■ Work to complete:
Would you return the listing exactly as written, apart from its pictures?

■ Collected data:
-- -- --

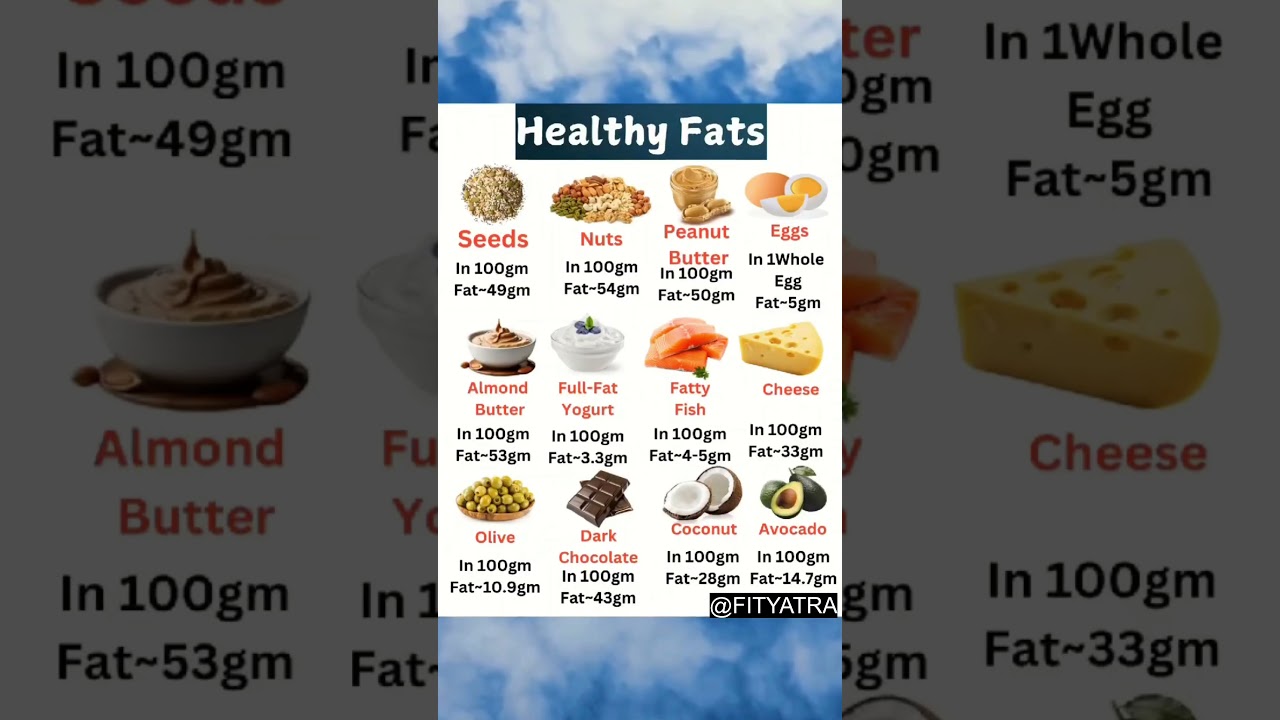 Basic Diet Structure Explained 🥗 | Protein, Carbs, Fats & Fiber Simplified 💪 
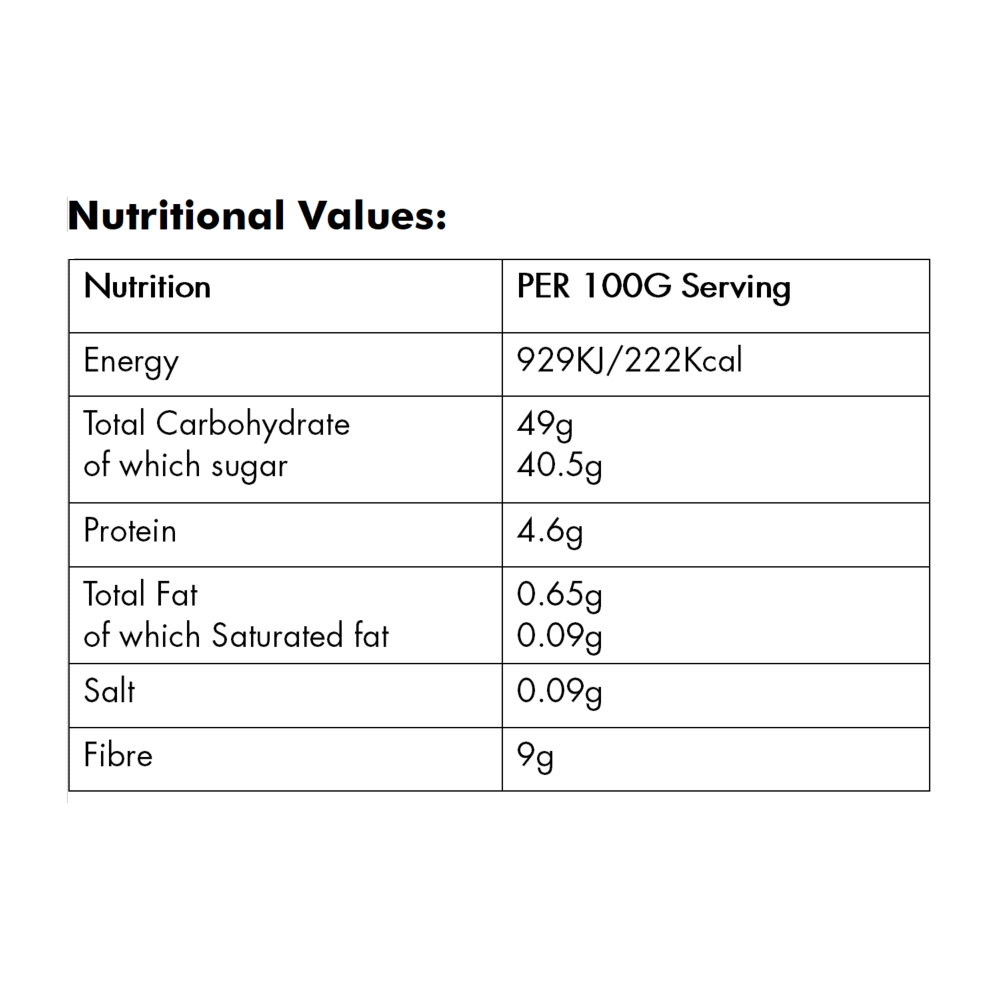 Cutetonic - Wholesale Protein/Superfood Powder - Cutetonic® Organic Carob Powder 100% Pure2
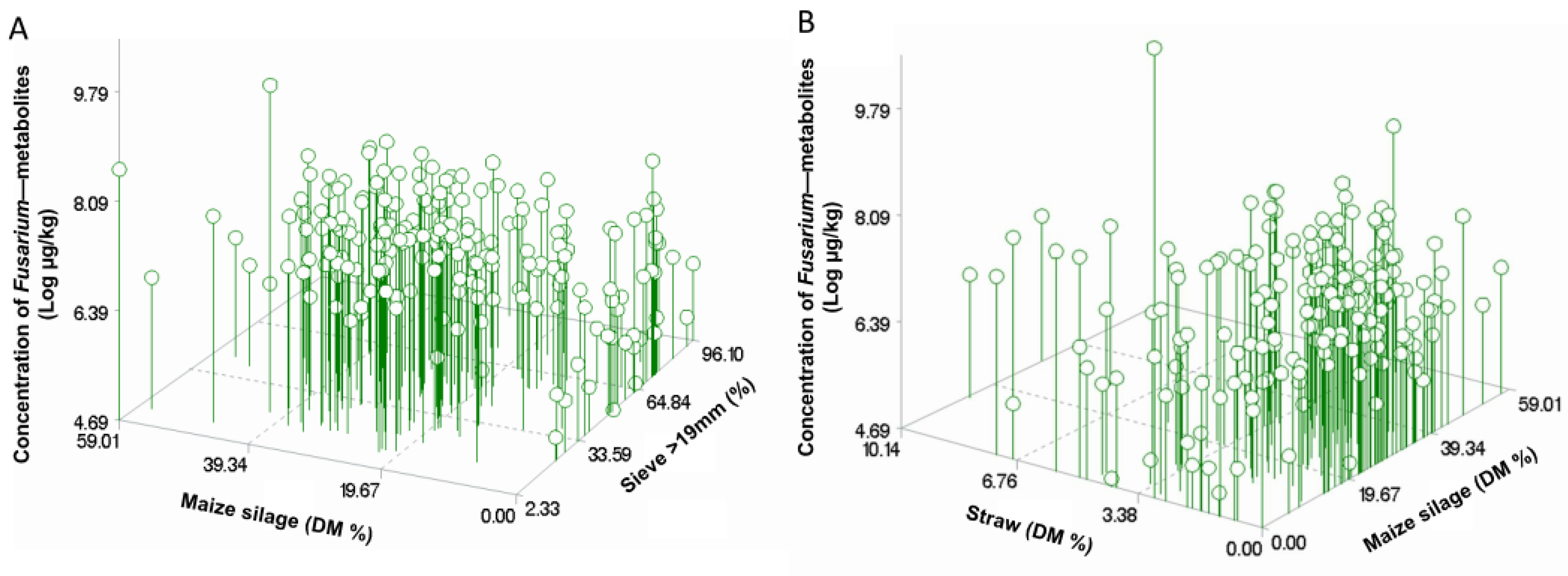 Toxins 14 00493 g007 Toxins 14 00493 g007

-- -- --

■ Task answer:
 Basic Diet Structure Explained 🥗 | Protein, Carbs, Fats & Fiber Simplified 💪 
 Cutetonic - Wholesale Protein/Superfood Powder - Cutetonic® Organic Carob Powder 100% Pure2
 Toxins 14 00493 g007 Toxins 14 00493 g007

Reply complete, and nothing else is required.